One may use inflationary frequency weights, whereby the weighted sample size
equals population size, OR one may use merely proportional weights where
total weighted sample size equals the actual number of cases in the sample.
In this latter option, some cases have weights >1, while others have weights
<1 (the average case has weight=1).
SPSS computes statistical tests relative to the weighted sample. Thus the
first approach (inflationary weights) would fool SPSS into believing that
the sample size is enormous, and consequently statistical error would be
grossly understated.
On the other hand, the second approach (proportional non-inflationary
weights) would produce many cases with weights well below 1; this should not
cause trouble if fractional weights were totalled first and then rounded,
but this appears not to be the case: Generalized Linear Mixed Model
Algorithms say (in the section about notation, concerning frequency weights
"f"): "Non-integer elements are treated by rounding the value to the nearest
integer.

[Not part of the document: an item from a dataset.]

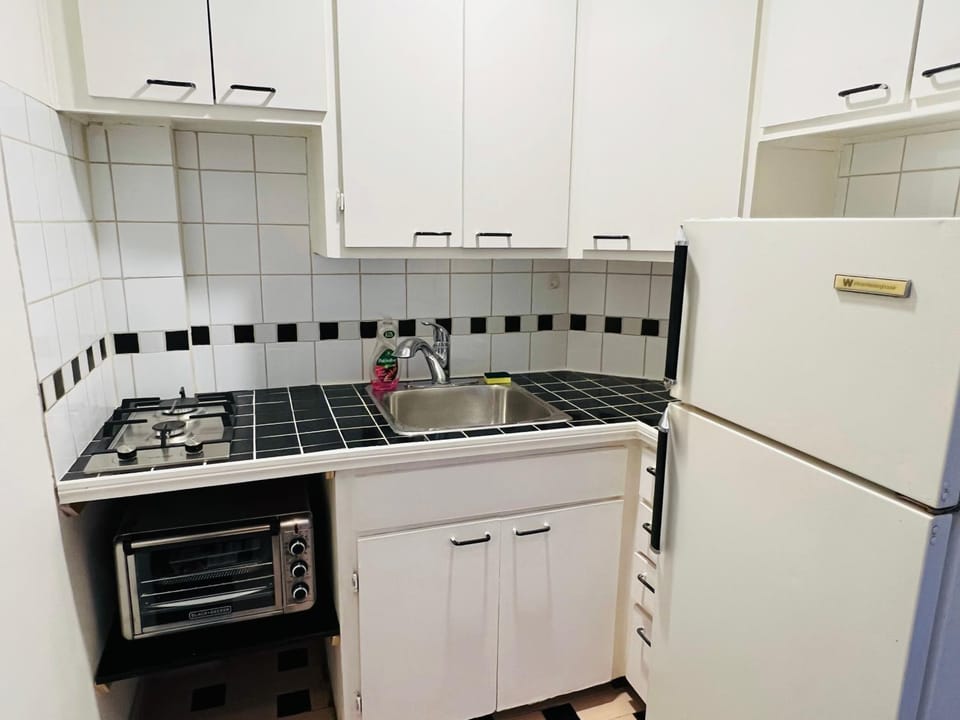 Kitchen or kitchenette, oven, stove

For values less than 0.5 or missing, the corresponding records are
not used." If that is so, then all cases with proportional weights lower
than 0.5 (i.e. all cases representing less than half the reciprocal of the
average sampling ratio) would be ignored, which is also unacceptable.
Anybody?
Hector
-----Mensaje original-----
De: SPSSX(r) Discussion [mailto:
[hidden email]] En nombre de
Arthur Kendall
Enviado el: Thursday, February 16, 2012 11:01
Para:
[hidden email]
Asunto: Re: Weighting in GENLINMIXED
I have not yet had an opportunity to work out the relation of multilevel
models to complex samples. I have gather a few data sets but have not
had a chance to run them through both procedures. I suspect that the two
are at least close to if not identically the same thing.
If you do not get satisfactory responses on the list I suggest you try
running both procedures and see how the complex samples weights things.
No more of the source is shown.